#### [DATA BELOW]

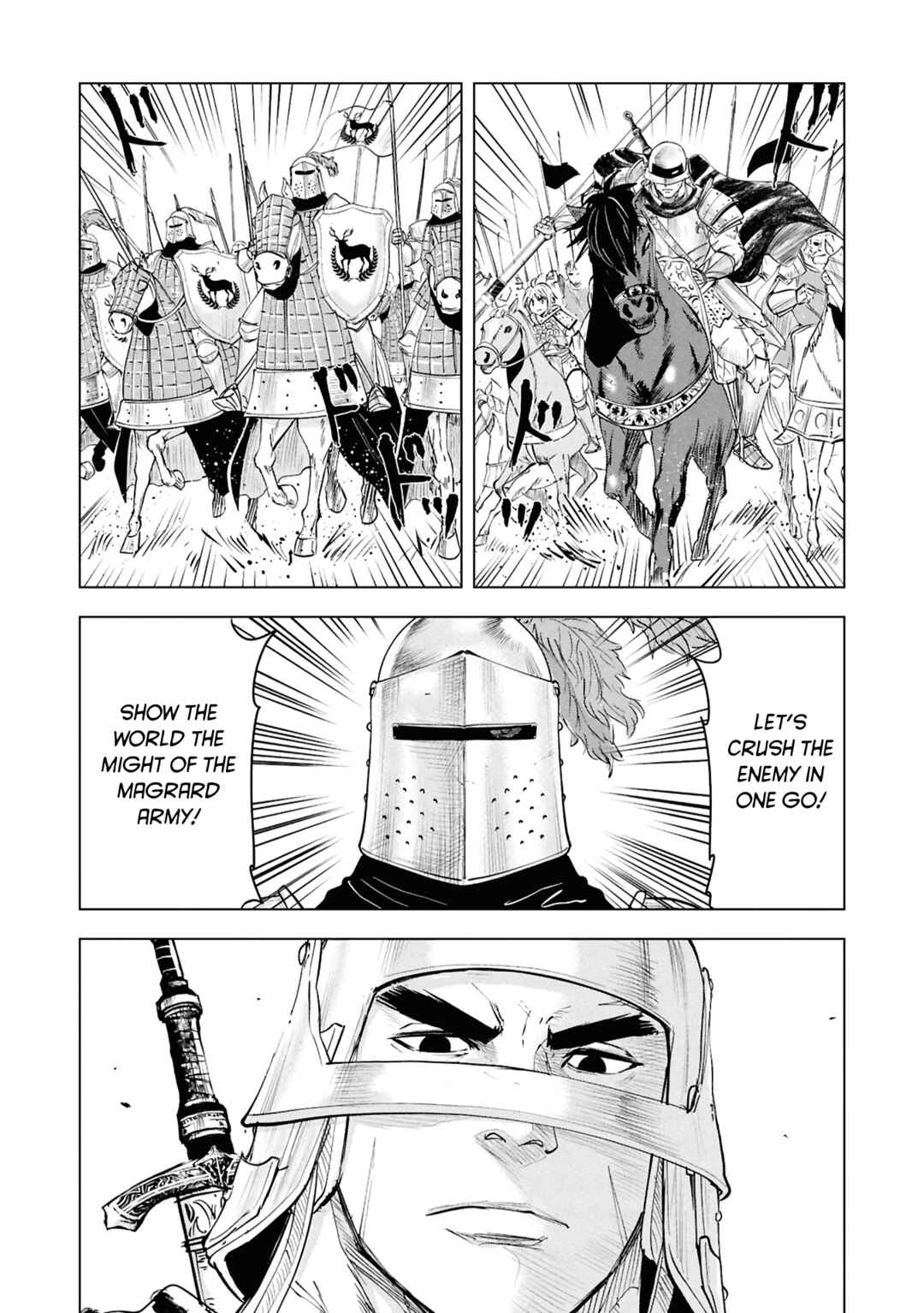 Chapter 98 - Page 21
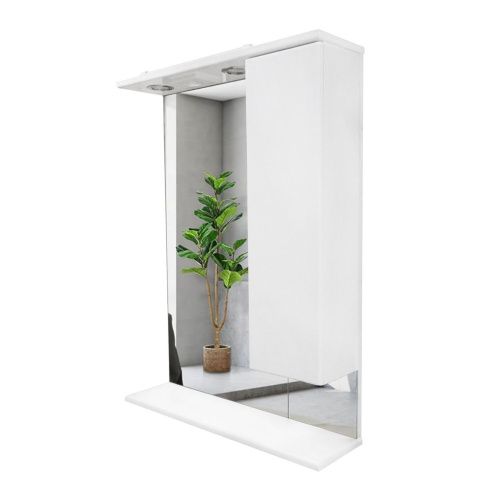 Зеркало-шкаф Azario CS00094631 60х80 подвесной - фото 5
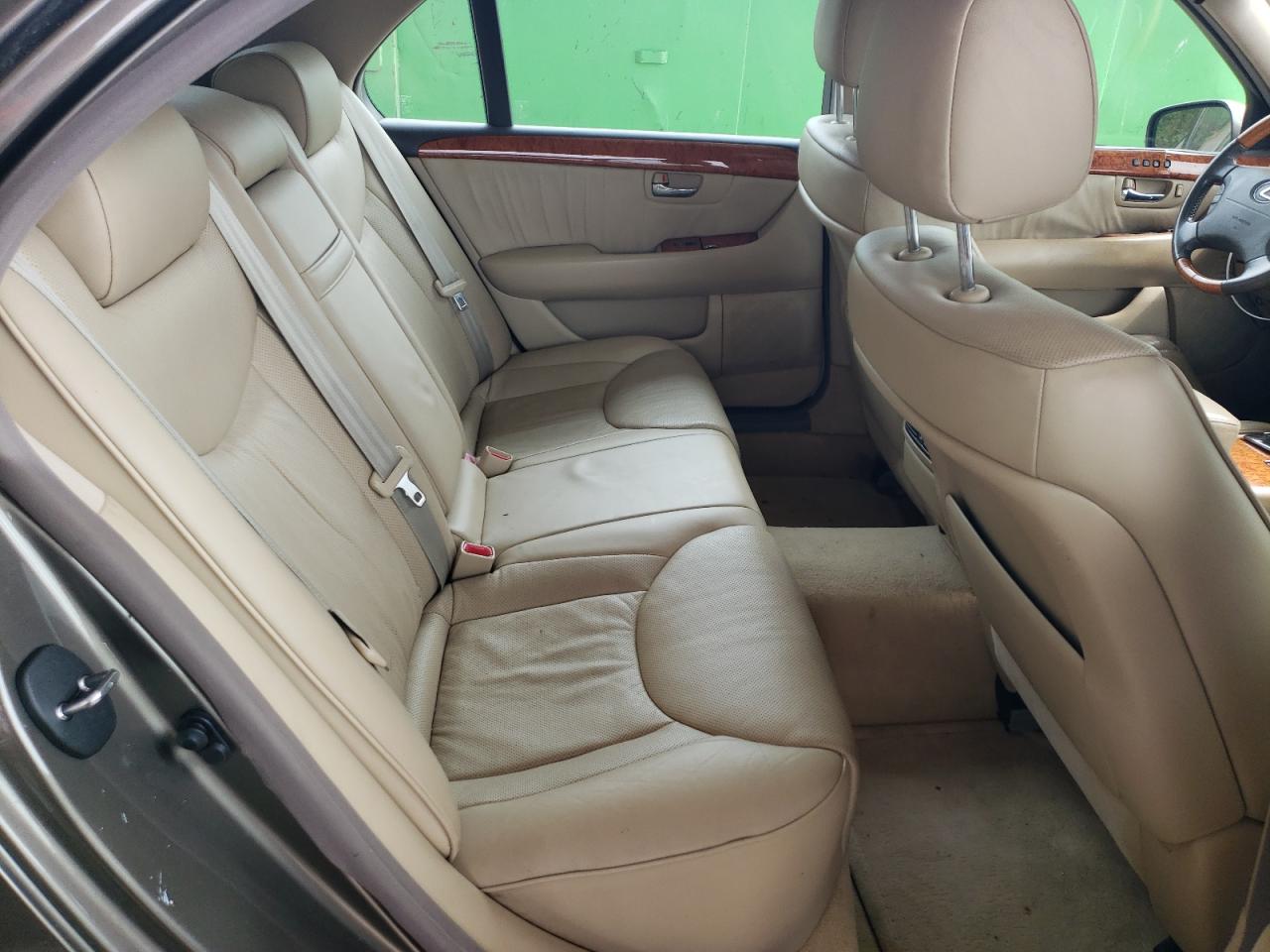 JTHBN36F355011932 2005 Lexus Ls 430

#### [WORK ORDER]
Nothing but an exact copy of the data above, minus its pictures, should appear in the response.

#### [THE ANSWER]
 Chapter 98 - Page 21
 Зеркало-шкаф Azario CS00094631 60х80 подвесной - фото 5
 JTHBN36F355011932 2005 Lexus Ls 430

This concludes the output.